He left the centre smiling that night. “Now I cry. And I’m happy. They put a smile on my face when I left.” Today, it’s difficult to imagine him not smiling. He is quick to make jokes, calling Keitlah “the warden,” and wearing a T-shirt that says “Sofa king cool.” Keitlah said he is the one in his family to bring up residential school. “When Dennis is around, he is the light for them. He’s the light for me too.”

DennisBobHats.jpg
Dennis Bob with his fedora collection: ‘Now I cry. And I’m happy.’ Photo by Meghan Mast.

Dennis Bob’s experience at residential school continues to affect his life. He doesn’t like it when men get too close to him — particularly elderly men. If he finds himself on a crowded bus and a man steps near him, he moves away and sometimes gets off to wait for the next bus.

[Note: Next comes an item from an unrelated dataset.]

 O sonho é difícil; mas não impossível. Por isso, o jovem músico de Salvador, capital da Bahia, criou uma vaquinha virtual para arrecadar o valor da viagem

Bob was only five when he was sexually abused. “A baby,” said Keitlah. He has difficulty recalling what happened to him because many of his memories are fuzzy. Bob has become more accustomed to speaking about his experiences, but certain memories are difficult — painful and also tough to recall because he repressed them for so long. “Something about lemon jam…. ” Bob sucked in and held his breath, releasing again stiltedly. “I can’t remember. Something disgusting.” He recalled his stomach hurting. And he’d been given an apple afterwards. Another kid asked for the core when he was finished. “Everybody was hungry there.” He remembers “something about the basement” and “something about the house behind the school.”

He left then and went to the bathroom again.

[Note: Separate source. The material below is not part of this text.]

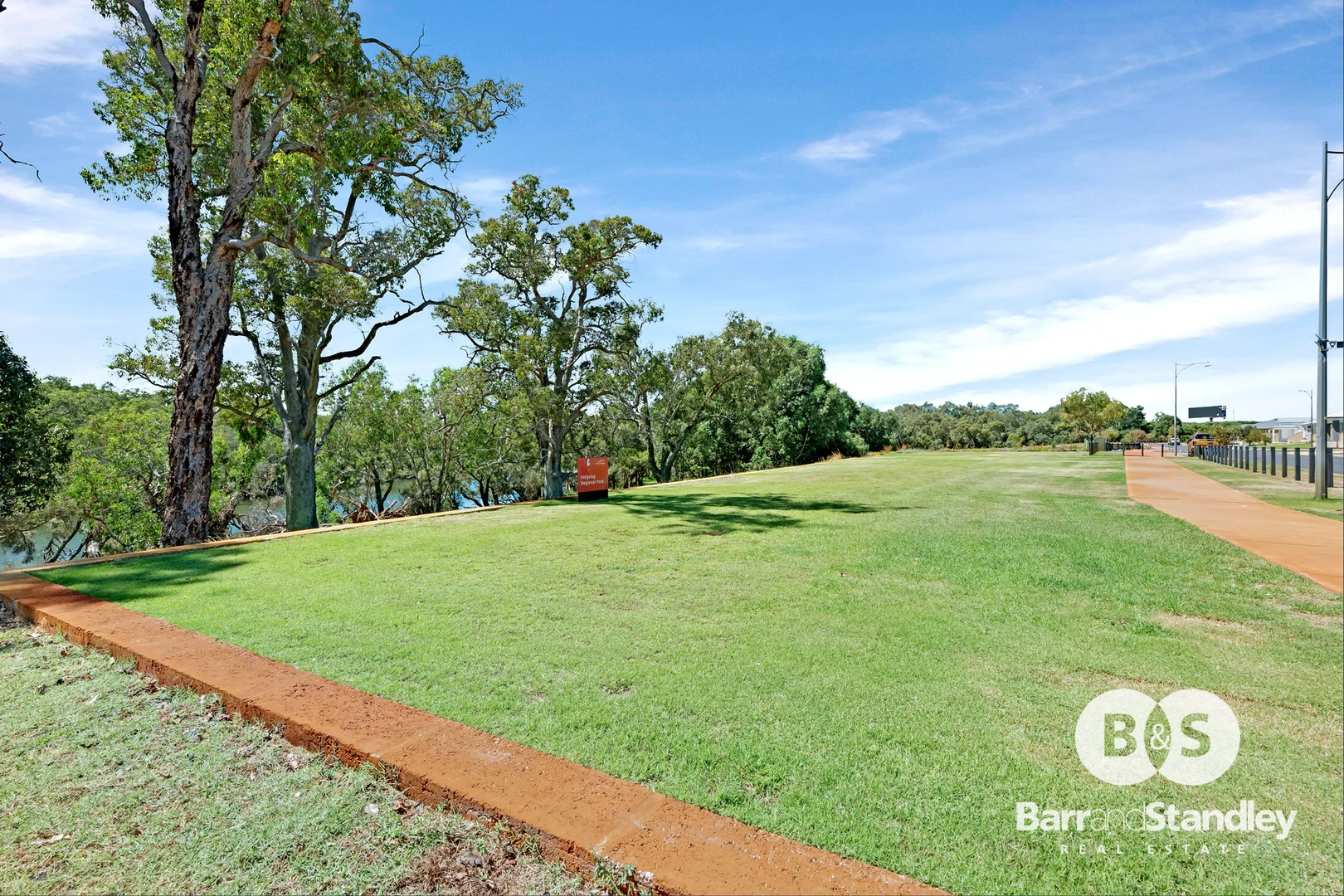 Additional image 2 of 43 Hazelgrove Crescent, Millbridge WA 6232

Corntassel writes that daily acts of resurgence are not glamorous. Sometimes they are messy. Sometimes they are angry. Often they are simple. Simply remembering what happened, or in Dennis’s case trying to, contributes to healing. Corntassel differentiates between reconciliation and resurgence, saying that “processes of reconciliation are merely reinscribing the status quo” while resurgence “takes the emphasis away from state frameworks of ‘forgive and forget’ back to relocalized, community-centred actions.” Truth telling is central to this.

When Bob returned after several minutes, he was smiling. “The one thing I remember from [residential school] was my marbles. Because I lost them,” he joked. He’d play marbles with the other kids in the courtyard. He’d draw a circle in the dirt, put a big marble in the middle and try to push it out of the circle by flicking the smaller marble towards it. Still today, whenever he sees marbles he has the urge to pocket them.

Keitlah rolled her eyes and sighed. “You should have seen him when we first met. He’d bring home these pockets full of rocks and marbles. They’d be all piled up on the shelf.” She thought for a moment. “What is with that? Why do you do that?”

He laughed and shrugged the question off, mumbling something about collecting them for her plants. Then he was quiet for a few seconds. “I guess it’s because I never had nothing. So I want things.” I thought back to the wall of hats near the entrance — a cacophony of colourful, patterned fedoras hanging in neat lines.

Recently, I reconnected with Bob on the phone. He said he is dealing with living with trauma by engaging in counselling and connecting more with the cultural traditions of his Pauquachin First Nation through carving, potlatch ceremonies and smudging.

When he shares his story publicly, Keitlah still steps in to help when he needs that extra support. But Bob says he is finding his voice.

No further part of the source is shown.